"T2" Trainspotting" is brilliant in a way that it has no business being. It's a sequel to a modern classic film by filmmaker Danny Boyle ("Slumdog Millionaire") 20 years after the fact.
What has happened to the principals in the 20 years since it came out with no small controversy and outrage at its story of affectless junkies in Edinburgh is that, along with Oscar-winner Boyle, the actors have become upstanding citizens of world film and television. Jonny Lee Miller, Robert Carlyle and Ewan McGregor have all become television fixtures--Miller as Sherlock Holmes in "Elementary," Carlyle in "Once Upon a Time" and McGregor in "Fargo." All, especially McGregor, are crucial to movies too (in McGregor's case, the second batch of "Star Wars" movies, "Moulin Rouge," "Blackhawk Down" and "A Life Less Ordinary").

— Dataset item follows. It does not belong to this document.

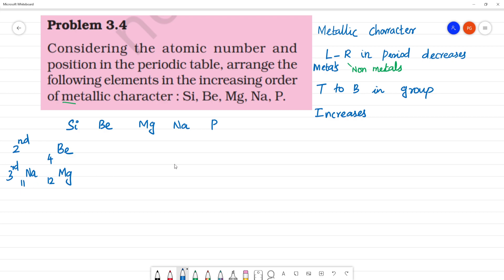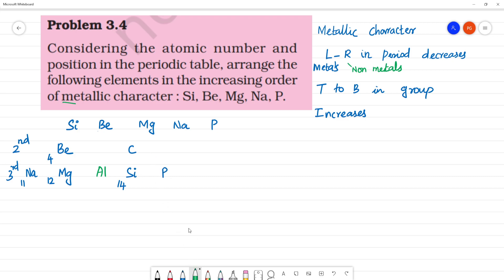Magnesium also belongs to the third period. Silicon belongs to the carbon family with atomic number 14. Phosphorus belongs to the nitrogen family with atomic number 15.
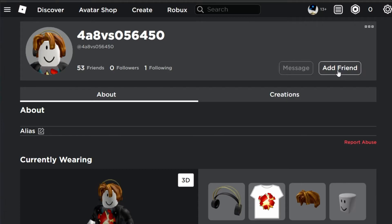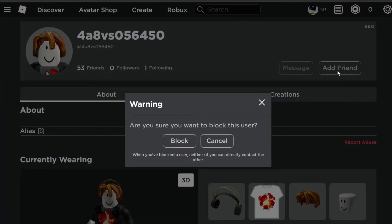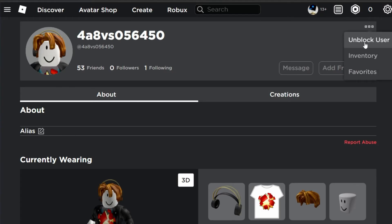You also have the option to block the user if they are sending unwanted invites to games or messages. To do so, simply select the burger menu on the top right and select Block User.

The idea of a sequel to a movie about alienated youth 20 years after the fact has no business working in much of the same way as the original film. But it does, and without being the slightest bit imitative. The idea of sequels that take place after some years first hit full force with Michael Apted's astonishing series of "Seven Up" documentary films in which he made films every seven years about the same group of children. From Apted's idea, Richard Linklater, no doubt, got the idea for his hugely praised films "Boyhood" and the "Before" trilogy starring Ethan Hawke and Julie Delpy, which called for the same performers to be seen at regular intervals to tell the stories of their lives and brains over long periods. It is almost a commonplace now, in movies, to show us what time really does to us all.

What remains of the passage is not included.